To determine whether downregulation of the two genes, PRKDC and PSMB4, might affect the potential of the cells to metastasize to the LNs in vivo, cell lines that stably expressed both GFP and shRNA targeting the respective genes were engineered. A control cell line transfected with a control vector that expressed GFP alone was also established. The stable cell lines for these constructs were isolated by FACS using GFP as a reporter (Fig. S2A-C) and they showed stable shRNA-based knockdown of PRKDC and PSMB4 during the passage culture for ≥3 months. Western blotting confirmed that the PRKDC and PSMB4 proteins expressed in A549 cells were reduced for the respective constructs compared with the control vector (Fig. S3A). The growth rate remained unaltered in the A549 cells transfected with shRNA targeting PSMB4 (>90% of the rate in the control cells), but the cells transfected with shRNA targeting PRKDC exhibited an ~25% reduction in the growth rate relative to that in the control cells at 72 h (Fig. S3B). To evaluate the metastasis-promoting potential of these two genes, cells (1×10⁶) containing the respective shRNA constructs were subcutaneously injected into the footpads of BALB/c nude mice. On day 20, the fluorescence intensities of GFP expressed in the footpad and popliteal LNs were measured (Fig. 3A). The fluorescence intensities were lower after injection of cells expressing PRKDC-shRNA than after injection of cells transfected with a control vector (~14.8%), whereas fluorescence intensities following injection of the cells expressing PSMB4-shRNA were comparable to those following injection of cells containing the control vector (Fig. 3B and C). A proportionate reduction in fluorescence intensities was also observed in the popliteal LNs in both the PRKDC-shRNA and PSMB4-shRNA groups, with popliteal LN/footpad fluorescence intensity ratios of 39.4 and 45.5%, respectively, compared with the control group (Fig. 3C). It was attempted to perform a similar assay using MDA231-shRNA constructs; however, this cell line failed to become engrafted into the footpads of the mice (data not shown).

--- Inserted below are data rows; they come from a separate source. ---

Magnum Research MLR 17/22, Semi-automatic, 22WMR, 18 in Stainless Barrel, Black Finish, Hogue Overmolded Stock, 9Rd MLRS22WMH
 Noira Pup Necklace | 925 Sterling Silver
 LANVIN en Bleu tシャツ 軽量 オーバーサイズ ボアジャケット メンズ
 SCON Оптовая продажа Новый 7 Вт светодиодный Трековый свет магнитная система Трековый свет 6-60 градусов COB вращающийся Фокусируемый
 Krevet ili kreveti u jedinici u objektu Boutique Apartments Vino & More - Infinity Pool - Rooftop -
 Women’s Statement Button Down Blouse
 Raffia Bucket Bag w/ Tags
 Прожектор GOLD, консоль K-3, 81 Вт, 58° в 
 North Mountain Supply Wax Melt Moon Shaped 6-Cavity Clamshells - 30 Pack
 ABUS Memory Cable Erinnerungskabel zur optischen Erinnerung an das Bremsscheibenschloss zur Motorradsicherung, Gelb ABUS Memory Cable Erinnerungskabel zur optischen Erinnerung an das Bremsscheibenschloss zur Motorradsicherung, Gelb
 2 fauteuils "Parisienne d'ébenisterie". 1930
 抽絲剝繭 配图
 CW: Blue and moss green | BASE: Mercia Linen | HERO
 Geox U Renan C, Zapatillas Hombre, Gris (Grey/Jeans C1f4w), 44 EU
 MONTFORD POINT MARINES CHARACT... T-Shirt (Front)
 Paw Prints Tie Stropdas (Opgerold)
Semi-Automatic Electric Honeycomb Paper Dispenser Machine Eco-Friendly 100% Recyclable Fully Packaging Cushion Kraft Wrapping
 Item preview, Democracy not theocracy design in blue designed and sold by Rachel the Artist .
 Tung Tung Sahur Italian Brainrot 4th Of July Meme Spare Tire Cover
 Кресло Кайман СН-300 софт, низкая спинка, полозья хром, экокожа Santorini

The present study subsequently examined whether known inhibitors of PRKDC (DNA-PK) or PSMB4 (proteasome) could alter the migration of cells. The inhibitors were injected intravenously into the tails of mice that had been inoculated with A549 cells harboring a control vector expressing GFP. NU7441, a DNA-PK inhibitor, did not significantly change the fluorescence intensity in either the footpads or popliteal LNs (Fig. 4A and B). By contrast, bortezomib, a proteasome inhibitor, markedly retarded the migration of the cells to the popliteal LNs, although the cell growth rate in the footpads was comparable to that in the control animals, resulting in a lower popliteal/footpad fluorescence intensity ratio compared with that in the control group (P=0.093) and in the animals injected with NU7441 (P=0.017) (Fig. 4B).

A marked difference in the size of the metastatic LNs was observed between the groups that were and were not treated with bortezomib (Fig. 4C). Compared with the control group (vehicle), the bortezomib-treated group showed significantly smaller (undeveloped) tumors at the metastatic sites (LNs; P<10⁻⁴). The mean LN maximum diameters in the group treated with vehicle and in the group treated with NU7447 (DNA-PK inhibitor) were 6.3- and 4.5-fold greater than the diameter of intact LNs, whereas they were only 1.4-fold greater in the group treated with bortezomib.